ENTRIES PROVIDED START

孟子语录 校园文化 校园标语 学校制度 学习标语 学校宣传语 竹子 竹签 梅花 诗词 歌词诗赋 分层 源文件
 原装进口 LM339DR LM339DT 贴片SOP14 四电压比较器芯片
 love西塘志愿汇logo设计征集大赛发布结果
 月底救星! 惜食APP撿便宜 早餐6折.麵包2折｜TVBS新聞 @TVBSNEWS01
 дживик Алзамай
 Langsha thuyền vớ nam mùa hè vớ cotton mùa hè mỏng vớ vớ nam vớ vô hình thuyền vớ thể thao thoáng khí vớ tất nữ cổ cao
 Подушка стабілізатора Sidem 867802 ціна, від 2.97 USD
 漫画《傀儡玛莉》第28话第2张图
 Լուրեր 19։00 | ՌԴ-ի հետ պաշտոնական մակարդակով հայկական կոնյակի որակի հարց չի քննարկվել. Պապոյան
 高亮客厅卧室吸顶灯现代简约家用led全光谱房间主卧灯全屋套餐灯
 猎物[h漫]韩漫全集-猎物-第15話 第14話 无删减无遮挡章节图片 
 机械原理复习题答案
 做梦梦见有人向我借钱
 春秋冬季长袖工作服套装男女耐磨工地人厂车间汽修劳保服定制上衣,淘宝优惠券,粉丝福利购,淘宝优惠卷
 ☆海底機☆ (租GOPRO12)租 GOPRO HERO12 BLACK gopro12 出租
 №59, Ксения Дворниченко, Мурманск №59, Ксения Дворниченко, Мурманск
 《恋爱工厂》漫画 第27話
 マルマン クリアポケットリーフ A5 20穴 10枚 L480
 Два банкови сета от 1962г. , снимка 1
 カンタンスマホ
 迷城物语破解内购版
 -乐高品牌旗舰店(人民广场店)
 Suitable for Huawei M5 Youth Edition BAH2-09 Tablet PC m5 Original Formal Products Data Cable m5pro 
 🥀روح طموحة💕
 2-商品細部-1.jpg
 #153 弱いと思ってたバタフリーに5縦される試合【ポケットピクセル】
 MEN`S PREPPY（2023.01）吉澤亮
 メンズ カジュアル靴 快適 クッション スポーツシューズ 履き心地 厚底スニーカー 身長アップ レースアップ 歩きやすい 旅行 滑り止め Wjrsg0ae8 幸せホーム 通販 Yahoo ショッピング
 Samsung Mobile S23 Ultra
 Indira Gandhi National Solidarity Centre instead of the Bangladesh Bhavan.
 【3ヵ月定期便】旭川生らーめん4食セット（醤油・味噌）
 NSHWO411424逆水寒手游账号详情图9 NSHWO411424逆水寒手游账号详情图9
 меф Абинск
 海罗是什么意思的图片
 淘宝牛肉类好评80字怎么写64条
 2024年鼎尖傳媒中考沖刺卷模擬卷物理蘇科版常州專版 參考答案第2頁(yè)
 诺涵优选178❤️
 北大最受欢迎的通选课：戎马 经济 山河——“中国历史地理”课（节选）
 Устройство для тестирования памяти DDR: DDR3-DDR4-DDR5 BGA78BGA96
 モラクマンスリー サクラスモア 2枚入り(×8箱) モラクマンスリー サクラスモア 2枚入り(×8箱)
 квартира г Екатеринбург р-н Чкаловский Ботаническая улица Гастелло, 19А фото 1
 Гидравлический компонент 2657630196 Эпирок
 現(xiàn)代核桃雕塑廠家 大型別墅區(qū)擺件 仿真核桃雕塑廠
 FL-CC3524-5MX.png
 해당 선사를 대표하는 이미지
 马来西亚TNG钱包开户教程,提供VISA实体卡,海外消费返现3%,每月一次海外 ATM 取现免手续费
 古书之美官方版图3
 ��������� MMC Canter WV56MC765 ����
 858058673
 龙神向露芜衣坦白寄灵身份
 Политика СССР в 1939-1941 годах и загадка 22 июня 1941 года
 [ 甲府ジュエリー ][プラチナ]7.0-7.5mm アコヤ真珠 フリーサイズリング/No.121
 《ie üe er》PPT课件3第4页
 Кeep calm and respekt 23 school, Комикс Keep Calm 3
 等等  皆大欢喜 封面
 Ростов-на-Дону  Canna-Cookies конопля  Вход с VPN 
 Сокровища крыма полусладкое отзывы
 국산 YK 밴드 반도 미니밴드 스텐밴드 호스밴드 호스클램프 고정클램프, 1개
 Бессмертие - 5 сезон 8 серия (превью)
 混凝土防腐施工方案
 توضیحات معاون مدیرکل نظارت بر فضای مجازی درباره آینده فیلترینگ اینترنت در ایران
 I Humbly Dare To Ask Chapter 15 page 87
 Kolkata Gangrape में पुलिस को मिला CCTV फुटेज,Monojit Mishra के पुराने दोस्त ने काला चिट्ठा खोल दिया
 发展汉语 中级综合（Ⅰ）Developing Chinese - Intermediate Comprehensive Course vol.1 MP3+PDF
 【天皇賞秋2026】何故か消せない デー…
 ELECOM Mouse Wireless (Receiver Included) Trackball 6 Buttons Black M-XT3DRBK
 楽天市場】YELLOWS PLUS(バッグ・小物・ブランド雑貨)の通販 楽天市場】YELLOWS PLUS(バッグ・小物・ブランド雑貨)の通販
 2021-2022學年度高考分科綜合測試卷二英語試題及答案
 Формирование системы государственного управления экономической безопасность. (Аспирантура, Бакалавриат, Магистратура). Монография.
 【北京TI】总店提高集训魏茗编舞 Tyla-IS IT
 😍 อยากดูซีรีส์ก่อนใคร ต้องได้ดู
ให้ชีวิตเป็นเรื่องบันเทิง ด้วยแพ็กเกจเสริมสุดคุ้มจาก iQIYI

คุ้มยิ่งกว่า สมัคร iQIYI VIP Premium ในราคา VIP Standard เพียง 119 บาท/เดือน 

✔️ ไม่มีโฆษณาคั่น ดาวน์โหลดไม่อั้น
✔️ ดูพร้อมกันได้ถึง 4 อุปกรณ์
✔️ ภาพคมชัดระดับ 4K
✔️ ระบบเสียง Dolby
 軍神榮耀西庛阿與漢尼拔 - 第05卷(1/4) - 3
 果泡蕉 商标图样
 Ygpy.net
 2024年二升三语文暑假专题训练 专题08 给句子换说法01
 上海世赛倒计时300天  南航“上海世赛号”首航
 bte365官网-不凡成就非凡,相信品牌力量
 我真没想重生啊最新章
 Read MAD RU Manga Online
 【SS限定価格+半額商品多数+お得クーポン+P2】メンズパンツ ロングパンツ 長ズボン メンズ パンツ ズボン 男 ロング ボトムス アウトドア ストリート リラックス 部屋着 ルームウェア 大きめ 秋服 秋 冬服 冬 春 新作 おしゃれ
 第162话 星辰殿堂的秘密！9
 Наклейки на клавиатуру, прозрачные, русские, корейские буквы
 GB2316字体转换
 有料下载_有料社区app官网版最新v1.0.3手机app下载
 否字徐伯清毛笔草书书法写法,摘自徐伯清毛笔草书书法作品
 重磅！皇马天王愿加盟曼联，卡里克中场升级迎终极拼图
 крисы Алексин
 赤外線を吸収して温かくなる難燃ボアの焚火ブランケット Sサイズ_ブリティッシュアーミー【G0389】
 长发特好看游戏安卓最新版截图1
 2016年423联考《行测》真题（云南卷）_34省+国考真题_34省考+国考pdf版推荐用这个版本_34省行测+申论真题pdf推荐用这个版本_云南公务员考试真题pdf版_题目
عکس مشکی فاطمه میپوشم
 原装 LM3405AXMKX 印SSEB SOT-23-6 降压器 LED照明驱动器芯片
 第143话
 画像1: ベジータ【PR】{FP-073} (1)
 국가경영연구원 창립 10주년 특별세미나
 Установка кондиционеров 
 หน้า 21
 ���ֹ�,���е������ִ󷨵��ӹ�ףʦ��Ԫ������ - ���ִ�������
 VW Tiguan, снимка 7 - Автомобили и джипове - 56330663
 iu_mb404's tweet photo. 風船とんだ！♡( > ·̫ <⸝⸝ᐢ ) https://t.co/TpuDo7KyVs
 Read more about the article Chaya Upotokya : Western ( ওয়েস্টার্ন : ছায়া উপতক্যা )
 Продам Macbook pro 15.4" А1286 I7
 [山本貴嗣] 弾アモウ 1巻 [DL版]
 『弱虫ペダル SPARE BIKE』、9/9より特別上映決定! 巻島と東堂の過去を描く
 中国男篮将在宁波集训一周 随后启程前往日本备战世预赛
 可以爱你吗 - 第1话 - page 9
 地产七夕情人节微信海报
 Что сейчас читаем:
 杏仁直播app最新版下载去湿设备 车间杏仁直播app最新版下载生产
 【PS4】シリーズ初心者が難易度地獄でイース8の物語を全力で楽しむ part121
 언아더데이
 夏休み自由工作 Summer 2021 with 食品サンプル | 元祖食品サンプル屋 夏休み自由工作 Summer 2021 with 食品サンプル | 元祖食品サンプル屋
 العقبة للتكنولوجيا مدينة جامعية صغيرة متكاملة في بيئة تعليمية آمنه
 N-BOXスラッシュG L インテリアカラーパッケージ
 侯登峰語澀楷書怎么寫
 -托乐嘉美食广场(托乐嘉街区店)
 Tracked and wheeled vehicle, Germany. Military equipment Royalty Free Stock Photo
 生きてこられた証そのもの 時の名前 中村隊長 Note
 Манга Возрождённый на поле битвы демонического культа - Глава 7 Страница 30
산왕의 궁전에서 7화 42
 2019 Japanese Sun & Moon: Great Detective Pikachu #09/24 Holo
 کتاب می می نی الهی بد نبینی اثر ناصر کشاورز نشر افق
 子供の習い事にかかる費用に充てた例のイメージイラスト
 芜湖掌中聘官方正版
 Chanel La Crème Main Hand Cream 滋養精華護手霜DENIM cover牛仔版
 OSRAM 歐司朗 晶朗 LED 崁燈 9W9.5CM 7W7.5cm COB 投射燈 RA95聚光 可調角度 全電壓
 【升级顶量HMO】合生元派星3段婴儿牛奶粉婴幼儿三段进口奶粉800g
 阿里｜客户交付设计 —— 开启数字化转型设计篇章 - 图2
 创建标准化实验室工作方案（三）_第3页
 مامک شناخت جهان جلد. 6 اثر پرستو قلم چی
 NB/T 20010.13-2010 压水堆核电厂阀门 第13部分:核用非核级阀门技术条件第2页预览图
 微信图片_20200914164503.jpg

ENTRIES PROVIDED END

* **AIM OF THE TASK**: For this task, write out exactly the lines of the entries above, starting at the line with "Два банкови сета от 1962г. , снимка 1" and ending at the line with "I Humbly Dare To Ask Chapter 15 page 87", both included, and no others.

* **OUTPUT OF THE TASK**:
 Два банкови сета от 1962г. , снимка 1
 カンタンスマホ
 迷城物语破解内购版
 -乐高品牌旗舰店(人民广场店)
 Suitable for Huawei M5 Youth Edition BAH2-09 Tablet PC m5 Original Formal Products Data Cable m5pro 
 🥀روح طموحة💕
 2-商品細部-1.jpg
 #153 弱いと思ってたバタフリーに5縦される試合【ポケットピクセル】
 MEN`S PREPPY（2023.01）吉澤亮
 メンズ カジュアル靴 快適 クッション スポーツシューズ 履き心地 厚底スニーカー 身長アップ レースアップ 歩きやすい 旅行 滑り止め Wjrsg0ae8 幸せホーム 通販 Yahoo ショッピング
 Samsung Mobile S23 Ultra
 Indira Gandhi National Solidarity Centre instead of the Bangladesh Bhavan.
 【3ヵ月定期便】旭川生らーめん4食セット（醤油・味噌）
 NSHWO411424逆水寒手游账号详情图9 NSHWO411424逆水寒手游账号详情图9
 меф Абинск
 海罗是什么意思的图片
 淘宝牛肉类好评80字怎么写64条
 2024年鼎尖傳媒中考沖刺卷模擬卷物理蘇科版常州專版 參考答案第2頁(yè)
 诺涵优选178❤️
 北大最受欢迎的通选课：戎马 经济 山河——“中国历史地理”课（节选）
 Устройство для тестирования памяти DDR: DDR3-DDR4-DDR5 BGA78BGA96
 モラクマンスリー サクラスモア 2枚入り(×8箱) モラクマンスリー サクラスモア 2枚入り(×8箱)
 квартира г Екатеринбург р-н Чкаловский Ботаническая улица Гастелло, 19А фото 1
 Гидравлический компонент 2657630196 Эпирок
 現(xiàn)代核桃雕塑廠家 大型別墅區(qū)擺件 仿真核桃雕塑廠
 FL-CC3524-5MX.png
 해당 선사를 대표하는 이미지
 马来西亚TNG钱包开户教程,提供VISA实体卡,海外消费返现3%,每月一次海外 ATM 取现免手续费
 古书之美官方版图3
 ��������� MMC Canter WV56MC765 ����
 858058673
 龙神向露芜衣坦白寄灵身份
 Политика СССР в 1939-1941 годах и загадка 22 июня 1941 года
 [ 甲府ジュエリー ][プラチナ]7.0-7.5mm アコヤ真珠 フリーサイズリング/No.121
 《ie üe er》PPT课件3第4页
 Кeep calm and respekt 23 school, Комикс Keep Calm 3
 等等  皆大欢喜 封面
 Ростов-на-Дону  Canna-Cookies конопля  Вход с VPN 
 Сокровища крыма полусладкое отзывы
 국산 YK 밴드 반도 미니밴드 스텐밴드 호스밴드 호스클램프 고정클램프, 1개
 Бессмертие - 5 сезон 8 серия (превью)
 混凝土防腐施工方案
 توضیحات معاون مدیرکل نظارت بر فضای مجازی درباره آینده فیلترینگ اینترنت در ایران
 I Humbly Dare To Ask Chapter 15 page 87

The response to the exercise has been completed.